Will AI replace the creators?
The Peaky Blinders creator, Steven Knight, said creative professionals would be at the “forefront” of a battle between AI and humanity. However, computers would lose because they could not create the unexpected, he said. The issue was highlighted last month when it emerged the UK broadcaster ITV was advertising for a £95,000-a-year job involving the use of AI to “shape the future of content creation”.
Knight described AI’s approach to creative work as “taking previous experience, precedent, and presenting it in a different way”, and said the human approach to art souunded similar, but was “more than that”.
“When a creative human being creates something new, the reason it works is because it’s not expected.”
Knight was speaking alongside Marco Bassetti, the chief executive of the TV production group Banijay, which has launched a creative fund for ideas using AI.
“There are a lot of things that AI can do in order to improve creativity. It can cut a lot of time in finding an idea,” he told the Guardian. However, he added, humans still had the edge, and compared AI to a tool that helps make the finished product. “If you have a brush, it doesn’t mean you are able to do a painting.”
However, one experienced creative figure pointed to the emergence of AI products, such as Runway, that can generate convincing video images quickly.
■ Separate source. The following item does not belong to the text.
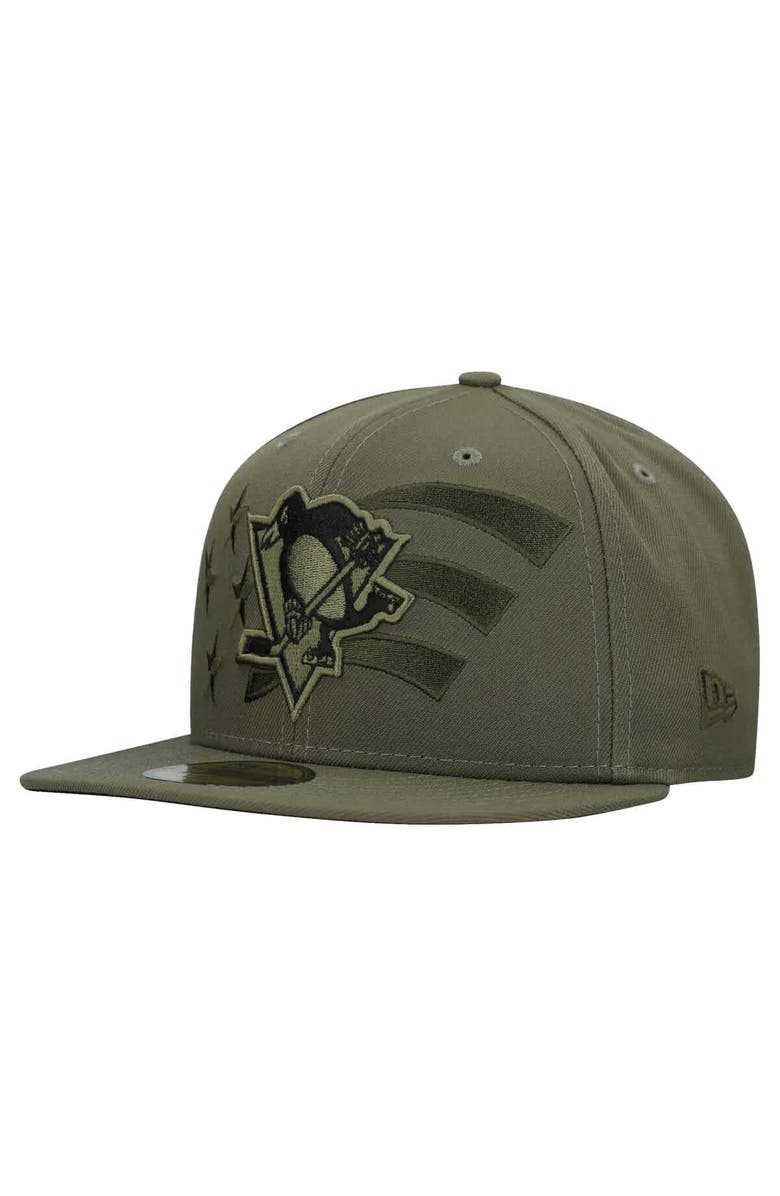 New Era Men's New Era  Olive Pittsburgh Penguins Military Appreciation Flag 59FIFTY Fitted Hat, Main, color, Olive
“I think you’re going to see an enormous negative impact on the WPPs of the world and the big [advertising] holding companies. It’s not that they haven’t understood what’s going to happen, but would your start point really be: ‘I’ve got 100,000 employees who have no experience in AI’? No, it wouldn’t be,” said David Jones, the chief executive of Brandtech Group, an advertising startup using generative AI to create marketing campaigns.
Where next for the boom?
There was talk of the race to ever-more-powerful AI slowing, after reports that initial tests of unreleased models have been underperforming relative to expectations.
The recent breakthroughs have been more than enough to spur the launch of new companies, such as the British biotech startup Healx, which uses AI to search for cures for rare diseases, and Luminance, another UK firm, that offers companies a tailored AI model to do legal work.
Kanu Gulati, a partner at Khosla Ventures, a California VC firm whose investments include the ChatGPT developer OpenAI, said companies were emerging that, even if they didn’t build the models, were taking advantage of them. This was a key – and necessary – development for investors and tech firms looking for a return on their multibillion dollar investments in AI breakthroughs. “New business models can now get created,” Gulati said.